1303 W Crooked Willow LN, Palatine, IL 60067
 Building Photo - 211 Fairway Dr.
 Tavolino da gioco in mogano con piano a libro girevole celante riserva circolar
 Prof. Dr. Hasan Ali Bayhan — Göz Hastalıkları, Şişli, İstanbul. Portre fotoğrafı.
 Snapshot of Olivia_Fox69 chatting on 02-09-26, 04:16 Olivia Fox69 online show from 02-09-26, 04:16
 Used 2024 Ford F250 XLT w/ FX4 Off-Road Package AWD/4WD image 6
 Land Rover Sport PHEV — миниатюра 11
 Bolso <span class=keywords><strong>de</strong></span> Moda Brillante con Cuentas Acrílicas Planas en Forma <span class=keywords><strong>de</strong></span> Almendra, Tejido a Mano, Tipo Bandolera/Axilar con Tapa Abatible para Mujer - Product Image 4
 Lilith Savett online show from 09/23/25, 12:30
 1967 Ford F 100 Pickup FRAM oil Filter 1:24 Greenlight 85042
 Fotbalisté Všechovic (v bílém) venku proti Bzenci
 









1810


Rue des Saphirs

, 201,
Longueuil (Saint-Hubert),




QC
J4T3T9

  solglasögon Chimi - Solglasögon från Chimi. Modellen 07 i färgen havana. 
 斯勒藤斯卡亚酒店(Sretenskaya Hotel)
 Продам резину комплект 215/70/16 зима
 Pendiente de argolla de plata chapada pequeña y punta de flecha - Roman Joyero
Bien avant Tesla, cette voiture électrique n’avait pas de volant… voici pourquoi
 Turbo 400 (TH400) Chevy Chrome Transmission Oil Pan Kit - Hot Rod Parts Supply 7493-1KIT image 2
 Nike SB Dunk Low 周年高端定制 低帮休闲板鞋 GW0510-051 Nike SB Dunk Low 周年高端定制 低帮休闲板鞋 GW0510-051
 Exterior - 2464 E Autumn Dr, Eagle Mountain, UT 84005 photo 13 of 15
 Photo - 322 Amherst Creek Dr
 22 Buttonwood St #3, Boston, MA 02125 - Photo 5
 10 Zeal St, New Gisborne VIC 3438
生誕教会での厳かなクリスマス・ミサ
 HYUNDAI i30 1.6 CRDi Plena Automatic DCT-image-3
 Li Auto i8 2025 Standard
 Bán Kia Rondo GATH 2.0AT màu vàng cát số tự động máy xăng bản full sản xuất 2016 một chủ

■ **PROMPT**:
Please give back exactly the lines of the listing above that run from the one containing "Land Rover Sport PHEV — миниатюра 11" through the one containing "Bolso <span class=keywords><strong>de</strong></span>", and only those.

■ **RESULT FOR THIS TASK**:
 Land Rover Sport PHEV — миниатюра 11
 Bolso <span class=keywords><strong>de</strong></span> Moda Brillante con Cuentas Acrílicas Planas en Forma <span class=keywords><strong>de</strong></span> Almendra, Tejido a Mano, Tipo Bandolera/Axilar con Tapa Abatible para Mujer - Product Image 4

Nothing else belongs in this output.